**Brief descriptive captions:**
-- Opening Marker --

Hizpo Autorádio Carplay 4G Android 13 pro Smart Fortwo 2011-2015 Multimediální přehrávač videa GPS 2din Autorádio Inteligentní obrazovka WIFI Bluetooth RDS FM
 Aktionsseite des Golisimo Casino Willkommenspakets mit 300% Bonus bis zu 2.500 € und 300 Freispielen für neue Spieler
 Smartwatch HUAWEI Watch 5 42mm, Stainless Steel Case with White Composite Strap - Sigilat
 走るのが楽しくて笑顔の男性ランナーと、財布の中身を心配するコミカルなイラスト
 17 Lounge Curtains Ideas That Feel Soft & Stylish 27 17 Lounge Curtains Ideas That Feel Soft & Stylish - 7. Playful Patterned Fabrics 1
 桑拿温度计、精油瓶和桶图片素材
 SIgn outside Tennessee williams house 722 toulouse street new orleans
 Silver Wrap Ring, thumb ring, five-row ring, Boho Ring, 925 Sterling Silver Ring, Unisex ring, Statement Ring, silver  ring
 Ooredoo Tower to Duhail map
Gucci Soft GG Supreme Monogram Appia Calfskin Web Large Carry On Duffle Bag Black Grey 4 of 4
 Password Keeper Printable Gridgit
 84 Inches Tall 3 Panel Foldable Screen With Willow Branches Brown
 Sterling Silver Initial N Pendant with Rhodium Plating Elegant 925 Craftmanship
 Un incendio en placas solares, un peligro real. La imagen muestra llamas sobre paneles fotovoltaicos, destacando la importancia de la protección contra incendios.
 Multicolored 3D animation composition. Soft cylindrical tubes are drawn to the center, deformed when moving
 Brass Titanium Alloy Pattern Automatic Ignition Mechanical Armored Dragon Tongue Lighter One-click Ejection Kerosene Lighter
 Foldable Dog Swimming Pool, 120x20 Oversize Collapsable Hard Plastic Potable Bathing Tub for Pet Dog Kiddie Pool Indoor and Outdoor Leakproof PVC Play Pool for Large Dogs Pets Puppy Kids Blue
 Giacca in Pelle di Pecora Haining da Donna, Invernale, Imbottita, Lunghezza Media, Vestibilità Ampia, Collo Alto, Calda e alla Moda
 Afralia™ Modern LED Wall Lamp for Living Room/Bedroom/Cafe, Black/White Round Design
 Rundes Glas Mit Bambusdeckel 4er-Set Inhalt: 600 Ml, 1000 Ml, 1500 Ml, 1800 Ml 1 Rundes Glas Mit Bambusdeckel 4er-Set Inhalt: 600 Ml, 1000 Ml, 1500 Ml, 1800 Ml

-- Closing Marker --

**TASK STATEMENT:**
All that is wanted is an exact copy of the lines above from the one with "Aktionsseite des Golisimo" through the one with "走るのが楽しくて笑顔の男性ランナーと、財布の中身を心配するコミカルなイラスト", with both ends included.

**RESULT:**
 Aktionsseite des Golisimo Casino Willkommenspakets mit 300% Bonus bis zu 2.500 € und 300 Freispielen für neue Spieler
 Smartwatch HUAWEI Watch 5 42mm, Stainless Steel Case with White Composite Strap - Sigilat
 走るのが楽しくて笑顔の男性ランナーと、財布の中身を心配するコミカルなイラスト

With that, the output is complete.